Like the typesetting bill for the house ads in these books must have been some national debt shit, already.  Every character had a hanging off their name like the metafictional equivalent of a skin-tag.  What's an extra two words in the indicia?

Hey, kids, comics!  This anthology is notable for, let's be charitable, two items.

First is Larry Hama & Michael Golden's 'Bucky O'Hare', the best funny-animal breakout of genre-blending violence in the 80s since Eastman & Laird.  Some of the first few pages of art are maybe too busy, but past that first instalment Michael Golden is on goddamned fire.  There's not one single part of one single page that feels phoned-in.  This is committed comix.  I'm not precisely sure how this piece of quality wound up in Continuity's shop, but I'm guessing Hama & Adams had a mutually beneficial agreement.  So, a Get all around.  Bucky O'Hare had more longevity in licensing terms than Captain Power, that's for goddamned certain...

Did I get a single Bucky O'Hare toy for christmas?  Hells naw.  Did I ever see the cartoon?  Never.  Did I receive every poorly-articulated Captain Power figure, and accessory, and VHS cassette?  Confoundingly, yes.  My parents were poor anti-war hippy-dippy refugees from the 60s, stranded in Reagan's america, so they braved the malls and bought the latest military-entertainment fad in its entirety for their addled, barely-literate crotchspawn.

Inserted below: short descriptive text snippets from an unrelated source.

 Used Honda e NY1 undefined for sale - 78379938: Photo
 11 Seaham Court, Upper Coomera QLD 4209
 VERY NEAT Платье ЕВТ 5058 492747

So the only time I saw Bucky O'Hare was in the spinny rack, if I could reach high enough to pluck Echo of Futurepast.  These comix were weirdly reactionary in a way that only makes sense if you knew Larry Hama was the kind of Marvel employee who'd bring an uzi to work in his suitcase.  Like, Bucky O'Hare isn't written for kids in the slightest.  It's all down to Michael Golden's lines & design, then as now.  That's the glory, that's the gold.  So it's good to finally get to read this stuff, forty-odd years late.  I mean, it's really good.  For a kid's comic not-for-kids.

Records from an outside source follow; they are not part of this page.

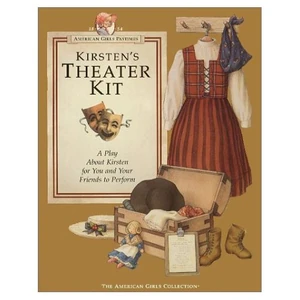 KirstenTheaterKit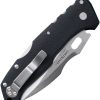 CS20NU_add_01.jpg Cold Steel Pro Lite Sport Clip - Black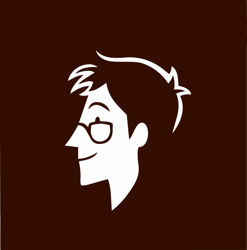 Dylan_logo_avatar-01_preview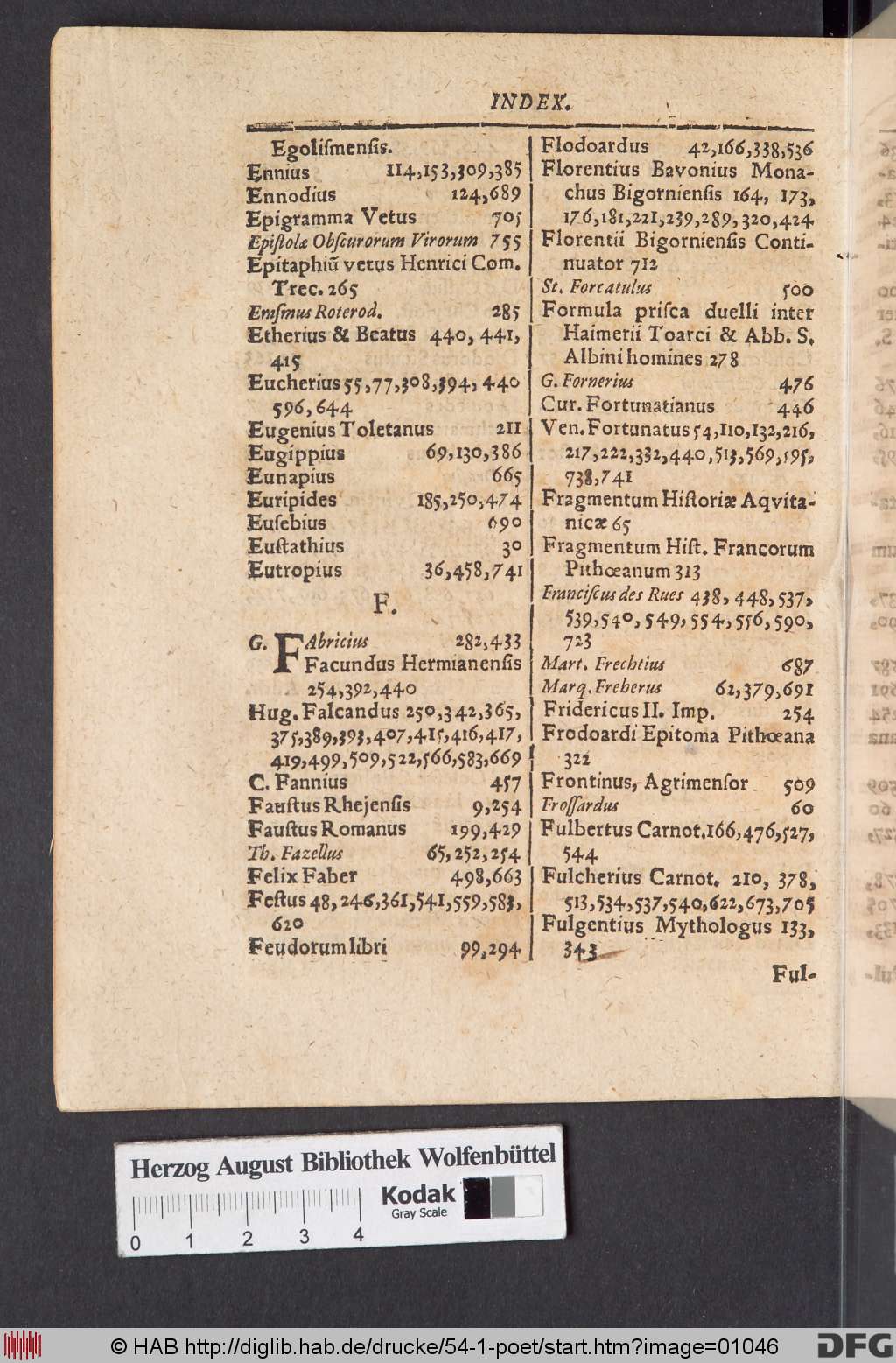 http://diglib.hab.de/drucke/54-1-poet/01046.jpg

But--  you may ask, though I'll never know, interactivity online being what it is  --what's the SECOND notable item in this anthology, of which I have already said several small mountains of nothing?

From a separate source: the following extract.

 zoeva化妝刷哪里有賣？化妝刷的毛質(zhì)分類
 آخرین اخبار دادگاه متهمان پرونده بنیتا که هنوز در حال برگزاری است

Why, it's Neal Adams.  Anybody who knows Continuity knows it's all the Neal Adams show.  Neal's the humble household name behind Man-Bat, and Ra's Ah Ghul, and Deadman, and Green Arrow's teenage sidekick Speedy's dramatic drug addiction, and Superman versus Muhammad Ali!  Neal's the ad hack/genius whose character design skills are renowned throughout the industry, and whose pyrotechnic reputation is only slightly dampened by his fragmentary & inscrutably leaden touch with dialogue!  If you don't know who Neal Adams is, you're just not paying attention to Neal Adams!!!

So:  the second notable item is...  some recycled Neal Adams.  Sometime in the late 70s / early 80s, Neal made a comic to go with a record.  It was a thing everybody did back then:  make a book to go with a record.  In this instance, it was a Frankenstein / Dracula / Wolfman cash-in.  Neal being Neal, he never threw anything aside, so when his Frankenstein / Dracula / Wolfman comic didn't make it to the masses--  I think the publisher, Power Records, either dropped the project, or it folded  --he opted to palette-swap some details in his Universal Monsters rip-off to prevent being sued.  Dracula ends up blonde with mutton chops & wears a bright orange suit with a skyblue cape.  Frankenstein's monster is balding and... Frankenstein's simp nephew inherited him?  And the wolfman, in a delicious twist, is a standard model hammer horror victim, a pneumatically buxom blonde chick who faints a lot.

None of this is played for laughs, exactly.  It's all played as straight as anything in a Neal Adams comic-- which is to say, as dialed up and tweaked out as any piece of exploitation cinema.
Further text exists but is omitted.